The invention discloses a kind of multi-tenant Dropbox method for authenticating based on Hadoop and system.Methods described includes:Authentication module receives the login configurations data for subscriber checking in client;The authentication module after the receipt, by the login configurations data is activation to kerberos centers keytab file management module;The login configurations data is activation is given unification user right discriminating system by the keytab file management module;Check results are responded to the keytab file management module by the unification user right discriminating system.Method and system are when user performs Hadoop relative programs in client computer in the present invention, by client authentication module, in only once input username and password, you can complete authentication process of the user in two systems, it is ensured that the uniqueness and reliability of authentication process.

Description

A kind of multi-tenant Dropbox method for authenticating and system based on Hadoop
Technical field
The present invention relates to network authentication field, more particularly to a kind of multi-tenant Dropbox method for authenticating based on Hadoop and System.
Background technology
Hadoop (the distributed system architecture of Apache funds club exploitation) provides two kinds of security mechanisms: Simple and Kerberos.If it is desired to the real security being currently stored on hadoop, it is possible to use what hadoop was supported Kerberos (network authenticating protocol) security mechanism.Kerberos is that a secure network based on shared key symmetric cryptography is recognized Card system, it is avoided password (including password hash) in transfers on network, but using password as the key of symmetric cryptography, is led to Cross to decrypt and verify the identity of user;
It is responsible for providing Ticket (record) and the central server of record mandate is referred to as KDC (Key Distribution Center), it knows the password of all users and service.One is often added in Kerberos domains (realm) Individual service or user will add a principal (safety is individual), and each principal has a password.User The cryptographic consumer of principal oneself remembers that the principal cryptographic services oneself of service record on hard disk (keytab texts In part);
The similar elis/admin@EXAMPLE.COM of the name of user principal, form is user name/role/realm Domain.Service the similar ftp/station@EXAMPLE.COM of name of principal, form be Service name/address (supplier)/ Realm domains.

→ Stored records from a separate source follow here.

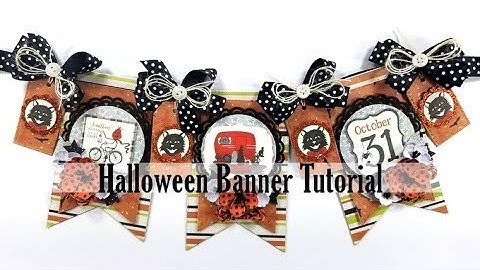 Day 6 of 13 Days of Halloween Vintage Banner Polly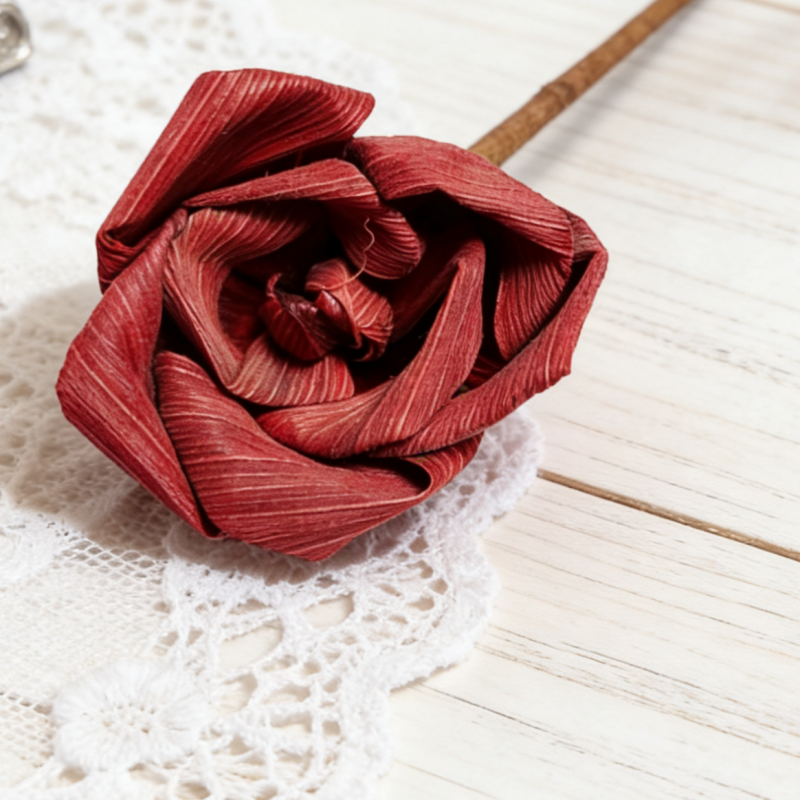 Hand Crafted Corn Husk Flowers  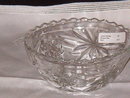 Anchor Hocking Early American Prescut Clear Bowl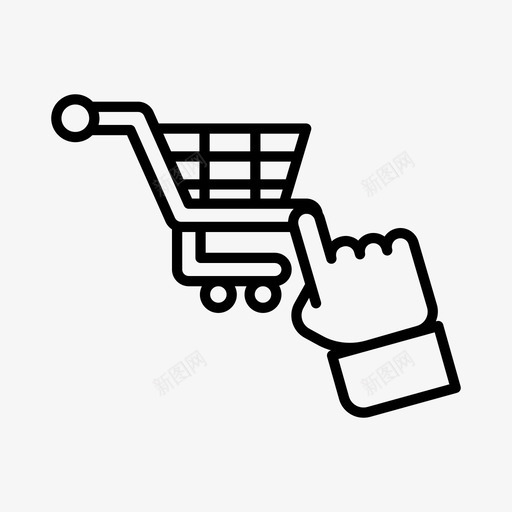网上购物商业购物车图标svg_新图网 https://ixintu.com 商业 工业 网上购物 购物车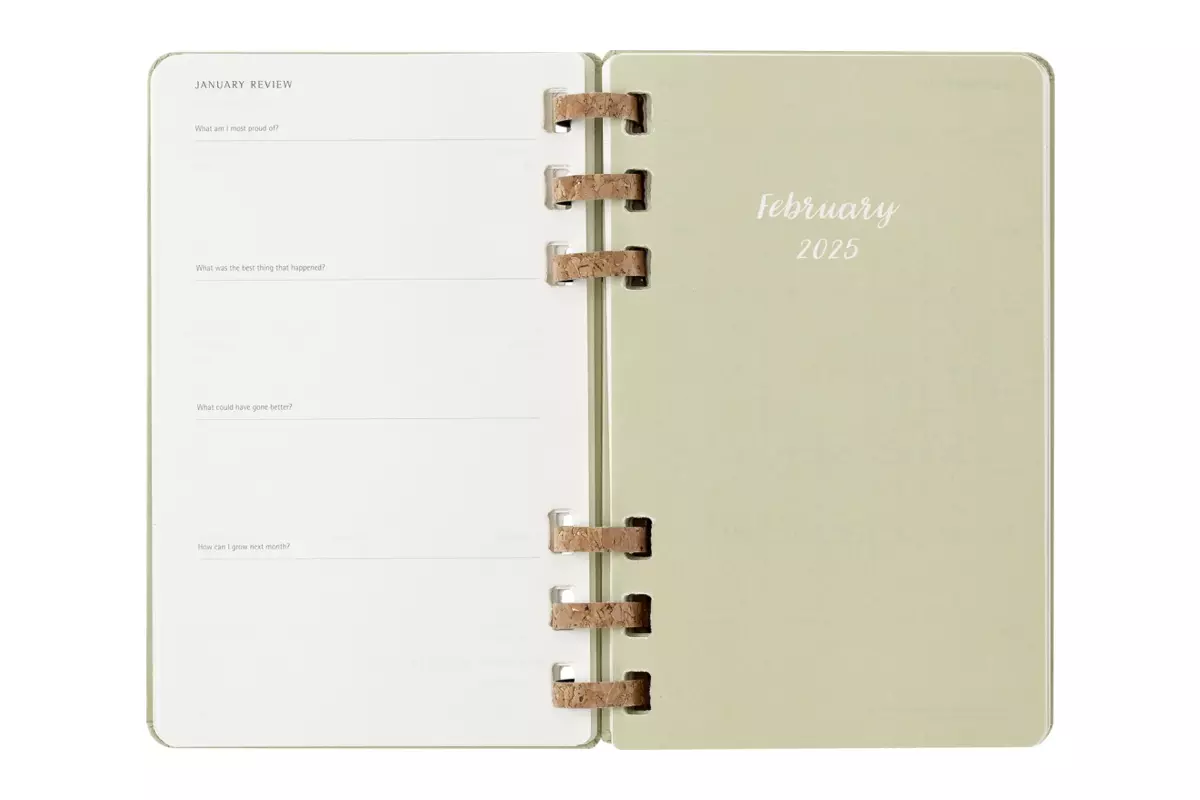 Een Moleskine 2025 12M Weekly/Monthly Life Spiral Planner Softcover Large Crush Kiwi koop je bij Moleskine.nl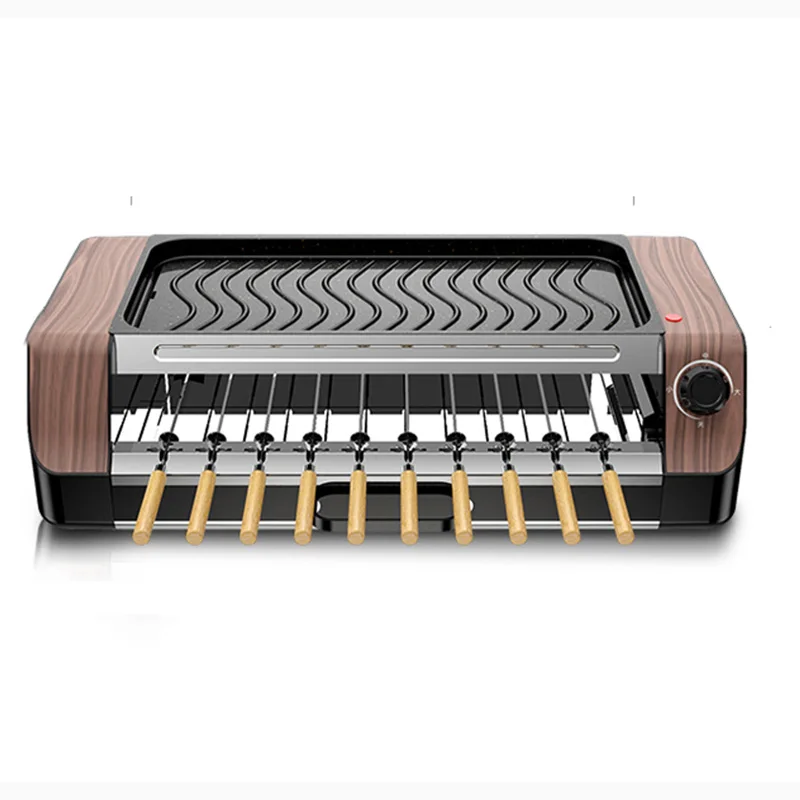 220V Multifunctional Smokeless Electric Barbecue Oven Automatic Rotating Skewer Grill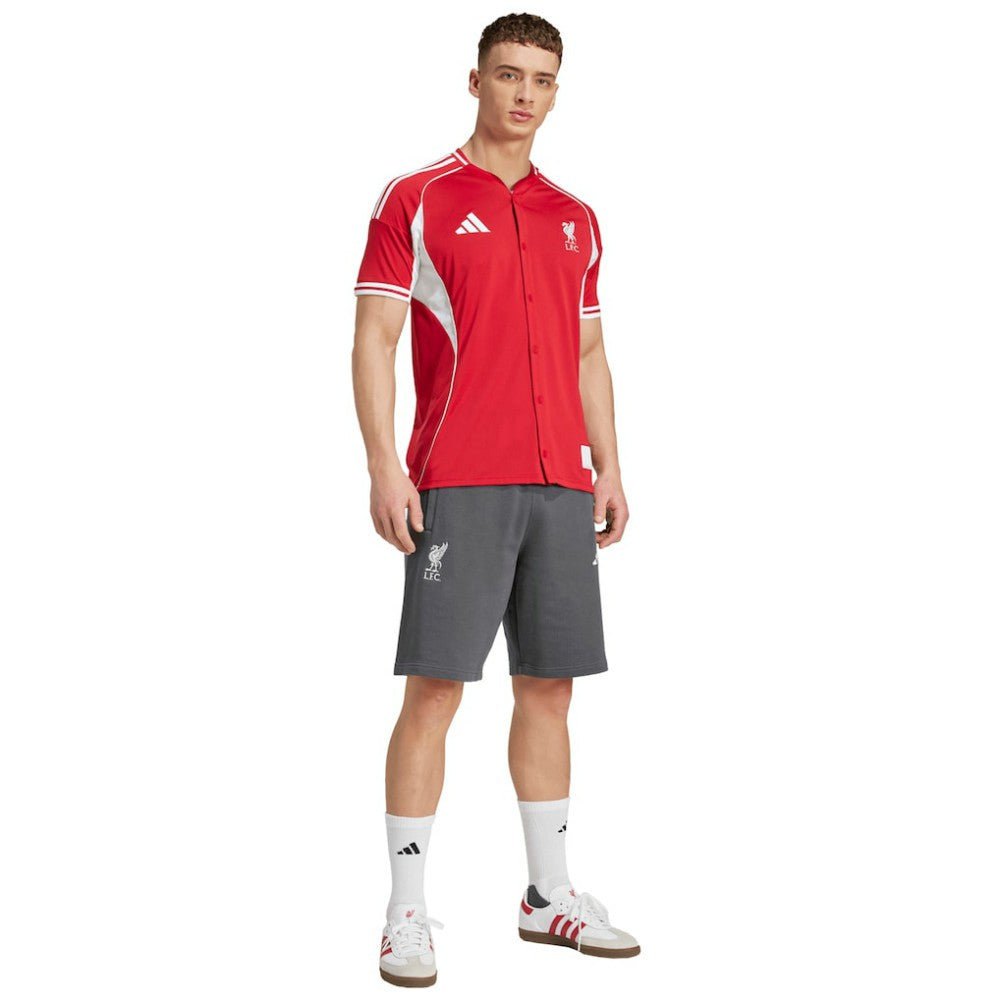 Adidas Liverpool Full-Button Baseball Jerseys - Red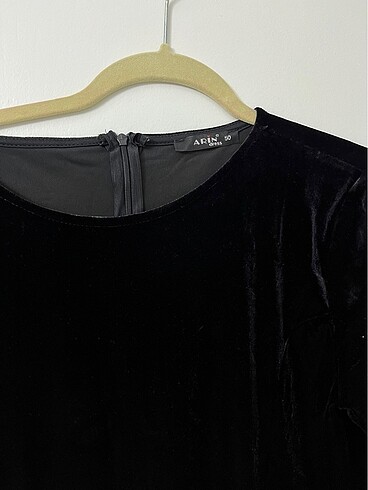 Kadife elbise - Görsel 2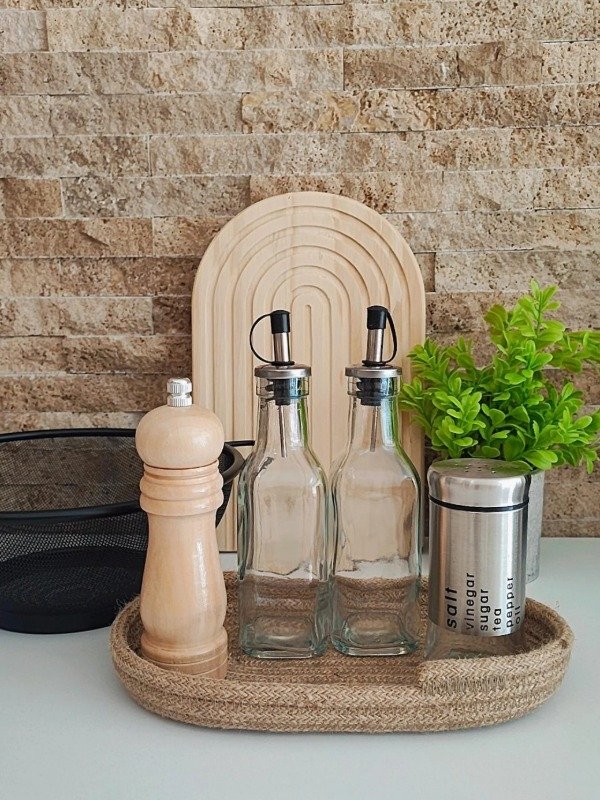 Producto - Set aceitero y vinagrero vidrio 200cc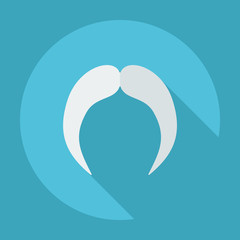 Flat modern design with shadow icon mustache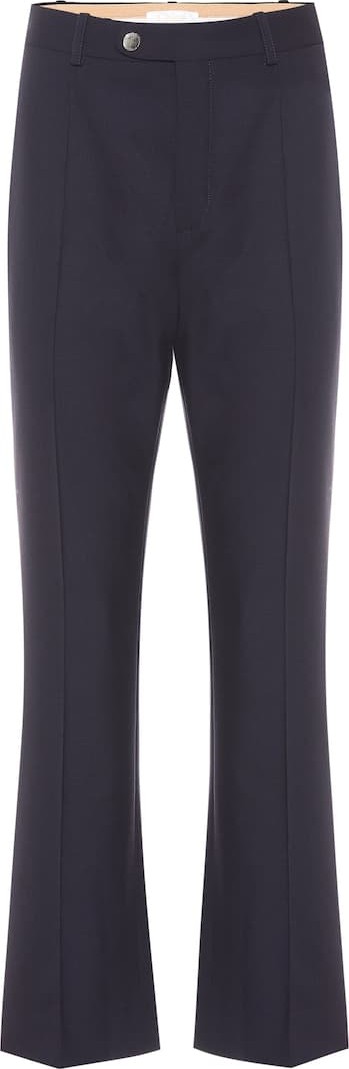 Chloe High-rise stretch-wool pants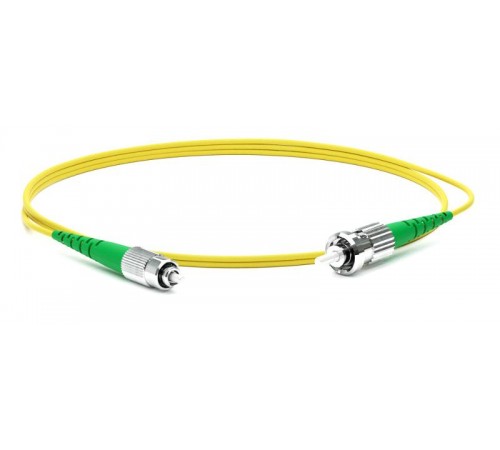 Патч-корд FC-S2-9-FC/AR-ST/AR-H-10M-LSZH-YLвол.-оптич.(шнур) SM 9/125 (OS2),FC/APC-ST/APC,2.0мм,simplex,LSZH,10м  250695  Hyperline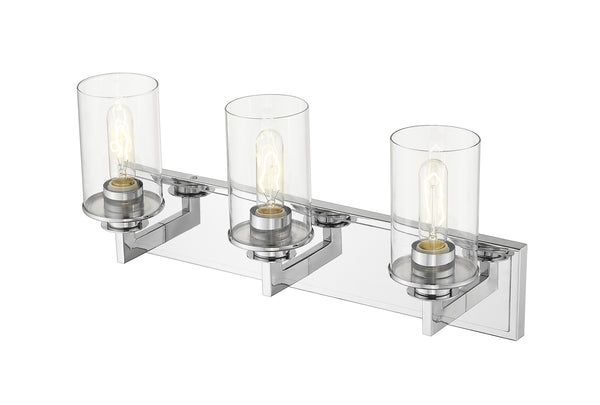 Savannah 3 Light Vanity in Chrome Finish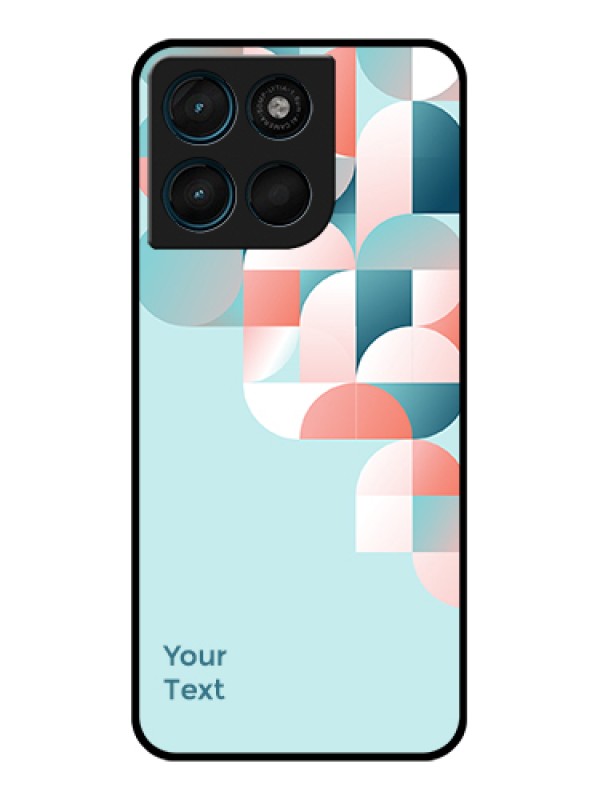 Custom Motorola Moto G57 Power Custom Glass Phone Case - Stylish Semi - Circle Pattern Design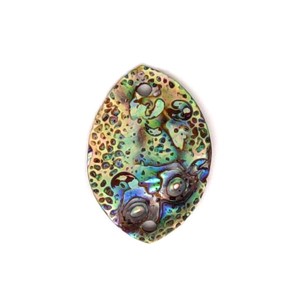 Átfúrt pávakagyló medál ovális 20-25x30-40mm, Ékszer, Nyaklánc, Medál, , MESKA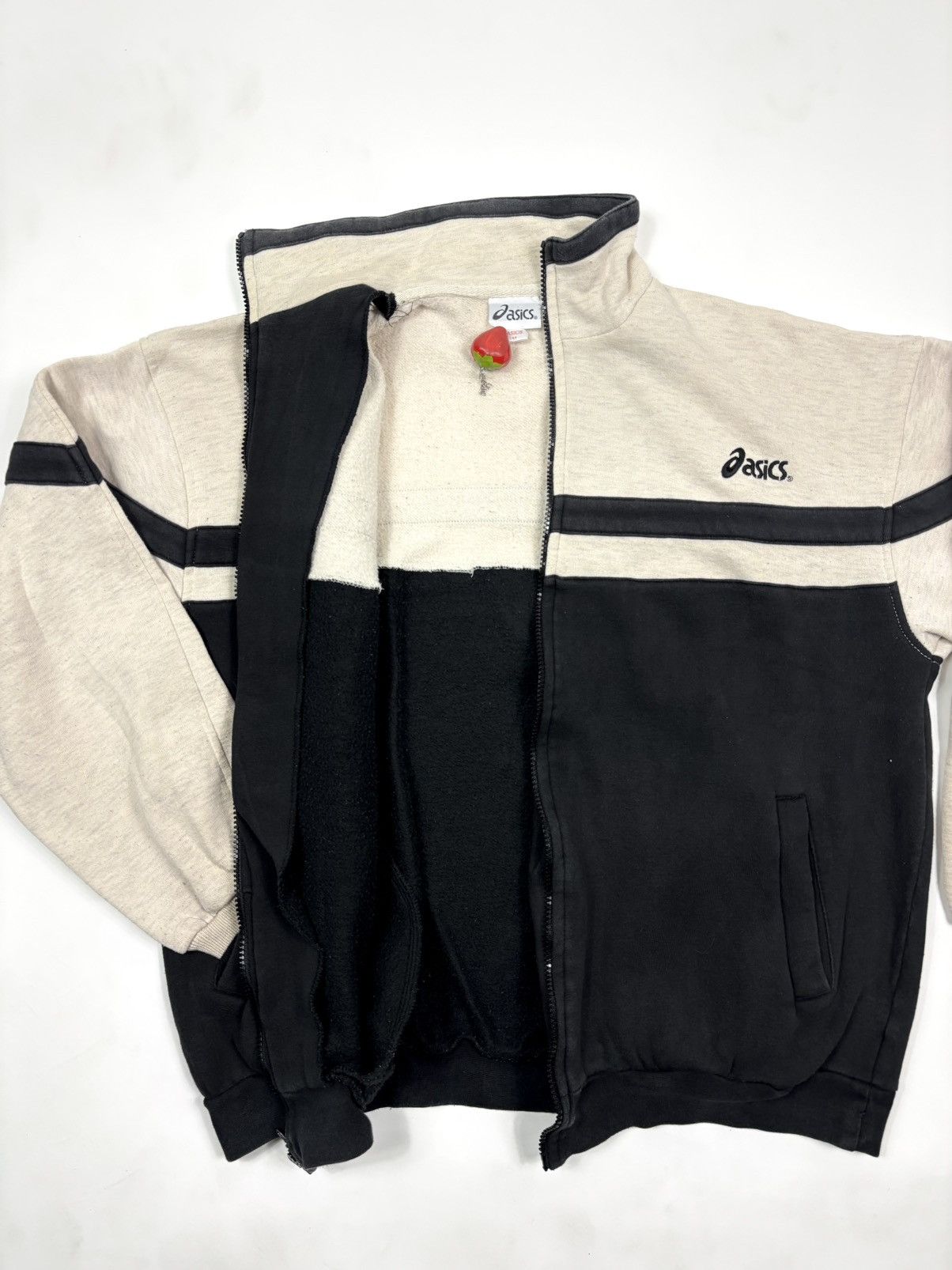 Asics Vintage 1990s Asics Piping Stripe Half-Zip Pullover Size US L / EU 52-54 / 3 - 5 Thumbnail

For the multi-tenant Dropbox system for ensureing cluster safety based on Hadoop and by Kerberos, each User using before Dropbox read-write capability, is required to first carry out kerberos authorization checks on a client, but, it is either defeated Access customer name password or keytab files, cannot all be carried out integrated with existing Dropbox system.
The content of the invention
In order to overcome the defect of above-mentioned prior art, the technical problem to be solved in the present invention to be to provide a kind of based on Hadoop Multi-tenant Dropbox method for authenticating and system.
In order to solve the above technical problems, a kind of multi-tenant Dropbox method for authenticating based on Hadoop in the present invention, including:
Authentication module receives the login configurations data for subscriber checking in client;
The authentication module after the receipt, by the login configurations data is activation to kerberos centers keytab file Management module;
The login configurations data is activation is given unification user right discriminating system by the keytab file management module;
Check results are responded to the keytab file management module by the unification user right discriminating system.
Alternatively, authentication module receives the login configurations data for subscriber checking in the client, including:
The client when detecting Dropbox program and starting, match somebody with somebody by the login for calling authentication module to receive for subscriber checking Put data.
Alternatively, the unification user right discriminating system by check results respond to the keytab file management module it Afterwards, also include:
The keytab file management module feeds back corresponding Keytab according to the check results to the authentication module File.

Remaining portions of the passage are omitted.